Part of me wonders how I'd missed reading any of Seth Godin's books over the past decade, but then I remember that, before starting in as The Job Stalker last fall, I'd read only a mere handful of business or job-search books during the previous half-century ... so these would never have made it onto my radar before I found myself in an extended period of unemployment. Had I known that there were books like Free Prize Inside: How to Make a Purple Cow out there, I might have reconsidered including the "business" genre in my reading. This is another very entertaining book by Mr. Godin, which also is a "call to action" for a vision of improved business/marketing.
Godin's publishing career has a lot of notable promotional concepts in play. The previous book to this (referenced in the sub-title) was "Purple Cow", and the book was sold inside a milk carton. Following up on that, the original edition of this book was packed in a cereal box, the book being the titular "free prize inside". Godin has recently shaken things up by announcing that from now on he's only going to produce e-books, and no more paper editions. Of course, if you're the best-selling author of more than a dozen titles, who has a wide and active Internet audience, this is a fairly easy decision to make (for most authors, this is pretty much a "don't try this at home" option at this point, however!).
What's this book about? Well, "free prize" is used metaphorically (although, obviously, in certain contexts it can be literal) as something that makes your product or service "remarkable" ...
Godin spends the first half of the book making the case for this. From Amazon scrapping its entire ad budget to offer free shipping (gee, where have I heard about that?), to his own experience in getting his books onto the shelves in "unusual" packaging, he looks at how a successful "Purple Cow" can accelerate results far beyond what just throwing ad dollars at a project will, plus how to sell the idea to internal audiences whose first reaction would predictably be to derail the concept. The second half of the book takes a look at how you, me, anybody can come up with a "free prize" via his concept of "Edgecraft", what's that?, you ask ... "Edgecraft is a methodical, measurable process that allows individuals and teams to inexorably identify the soft innovations that live on the edges of what already exists." ... finding a "free prize" is not the same as product differentiation, it's making something that might be fairly generic stand out. One example he goes into is Budweiser, where a fairly average beer is "romanced" into a cultural icon ... the end user isn't ordering a Bud because it's better, he's ordering it to participate in some tribal identification. Of course, while A-B has spent a vast fortune to create that identity, some places do it by tweaking the experience (such as a Japanese haircut chain that is fast, cheap, and as automated as possible).The story is the product.

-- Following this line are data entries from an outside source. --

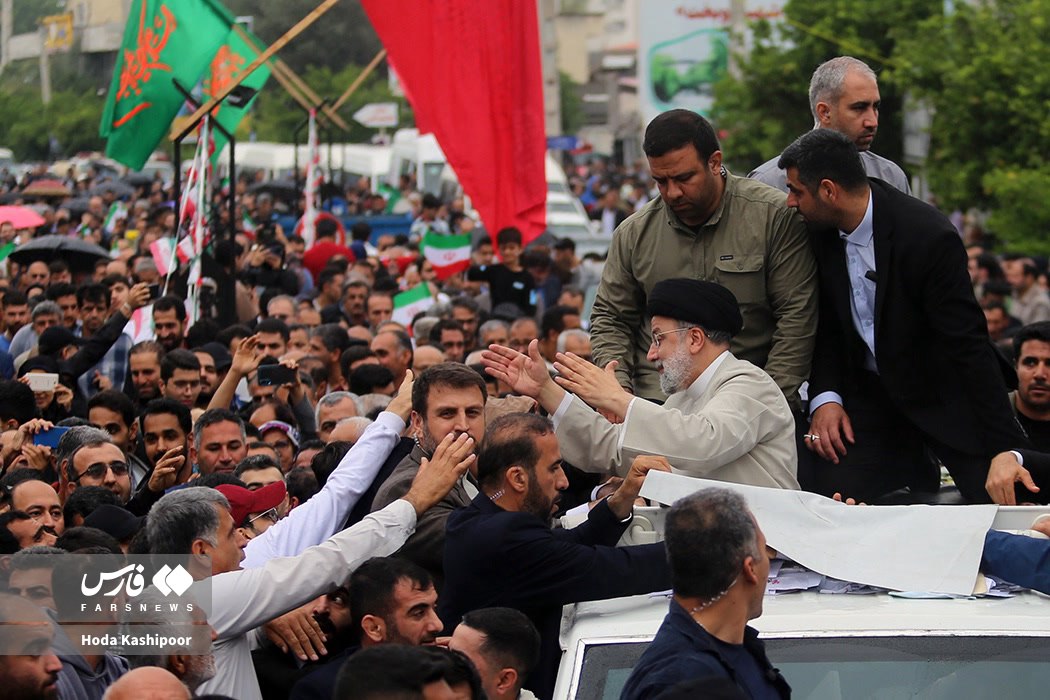 عکس/ استقبال مازندرانی‌ها از رئیس‌جمهور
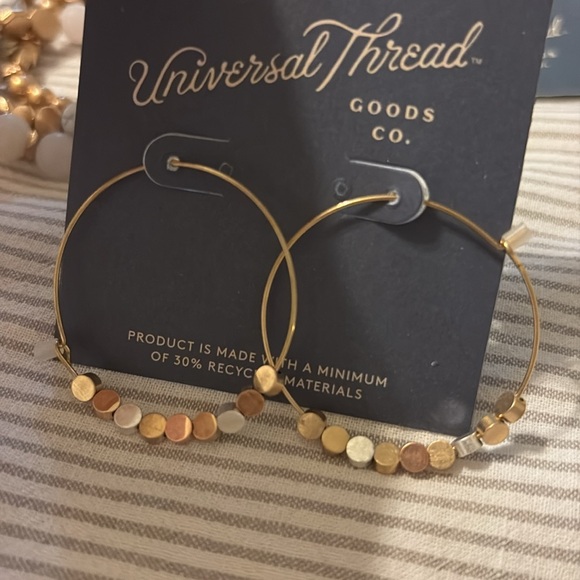 Universal thread hoop earrings, and bracelet set - Picture 3 of 3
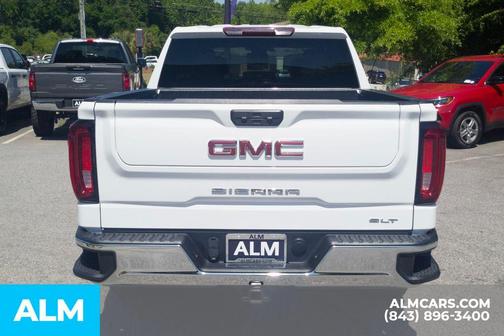 Summit White 2024 GMC Sierra 1500 SLT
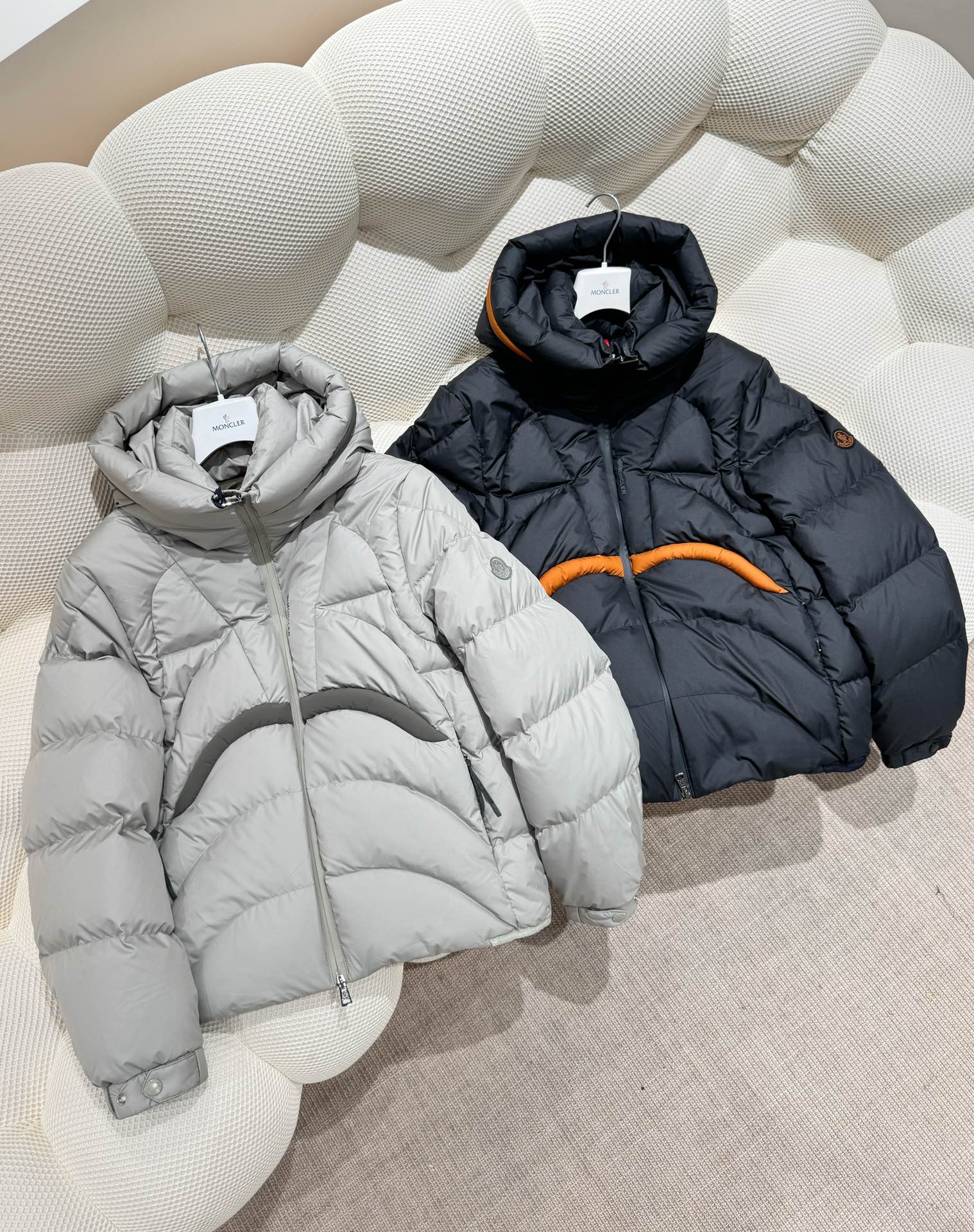 图片[5]-p1300 Moncler²⁰²⁴
2024羽绒服高版本 原⌚️对⌚️
SIZE：48-56-高仿包包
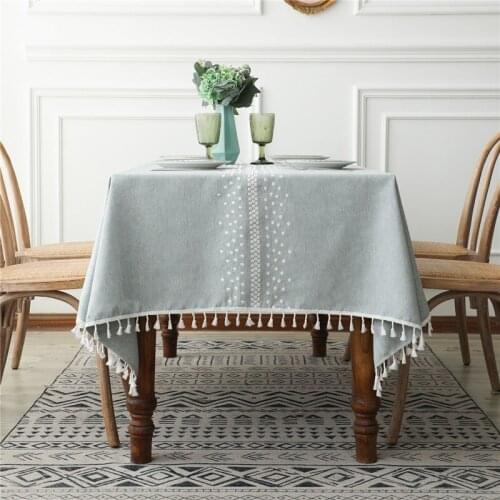 Byetee Lace Tablecloths On The Table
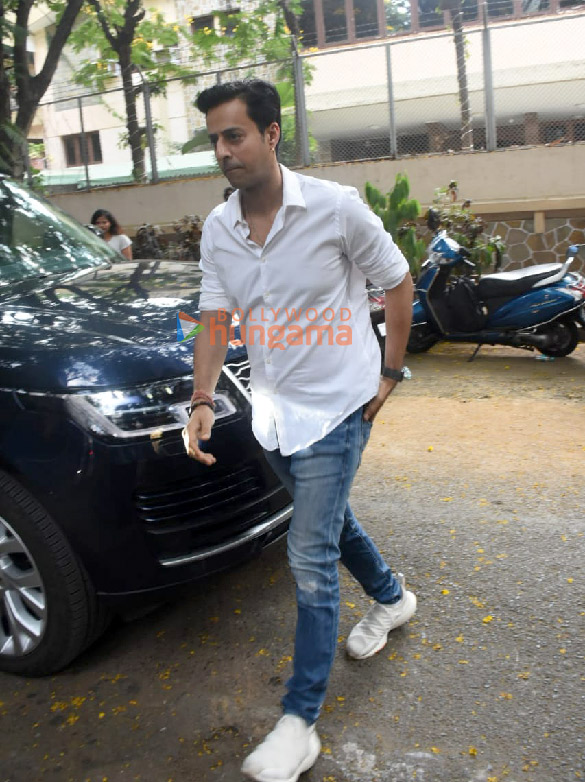 photos shah rukh khan aryan khan karan johar others snapped at aditya chopras house to pay last respects to pamela chopra3 2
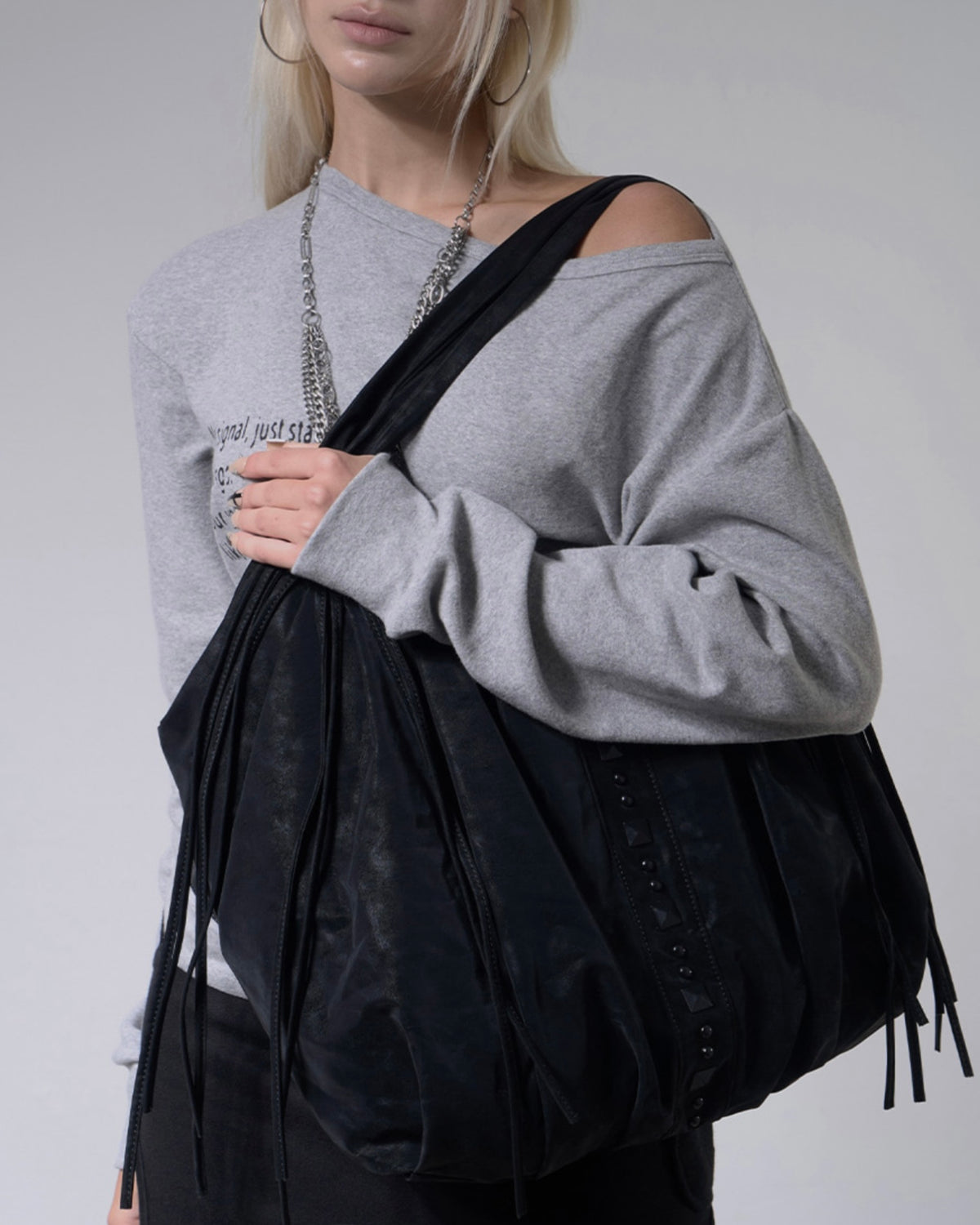 【FANCY CLUB】DRAPE FRINGE HOBO BAG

That's what he sells. That's what you sell. All dishwasher soap is basically the same. If the container tells a story, then it's part of the product. All cars are basically the same. If the styling tells a story, then it's part of the product.
Please don't misunderstand me. If the product is lousy, or deceitful, or inadequate, or overpriced, that's a whole different story.
But in our world of sameness, most of the time you're looking at parity of utility. So something has to happen.
The way you make a Purple Cow is to be remarkable.
The way you become remarkable is by creating a free prize. A bonus. Something extra, something worth paying for. A story that transcends the utility of the product and instead goes straight to the worldview of the user.
Also remarkable here is the notes section, which has page-number notes (so you have to keep checking) which range from a simple citation URL to a couple of pages of detail/digression on a subject, including a notable section on branding (where the Budweiser story comes in), with a particularly arch reference to "the specialized form of hypnosis known as branding" which has created an environment were "quality has, in many cases, become entirely irrelevant" ... some of the material back there is almost worth the cost of the book! Somewhat recursively, if the book was initially a "free prize inside" a cereal box, the free-standing edition also needed to carry a "free prize", and this is a free download of a 500-page e-book. The book in question is a resource directory of people and services that could help you produce your own "Purple Cow", unfortunately, this dates from 2004 (swell when this came out '04, perhaps less so six years down the road), so is likely to not be as useful as when first offered. Oh, and one other fairly amazing thing in here, there's a 2-page "condensed" version of the book in the last few pages ... Godin putting this in just in case you didn't have time to actually read the book, but your boss or client had and you wanted to at least be able to fake it ... brilliant!
Both the 2007 paperback edition (that I have) and the original 2004 paperback of Free Prize Inside appear to still be available, so you'd likely be able to find one at a brick-and-mortar with a business section, however the hardcover of the 2004 edition is all over the new/used channels with numerous "very good" copies going for a penny (well, plus the $3.99 shipping), although Amazon has both the paperbacks for well under ten bucks. Anyway, this is a highly recommended read for anybody with an interest in marketing ... either products or one's "personal brand"!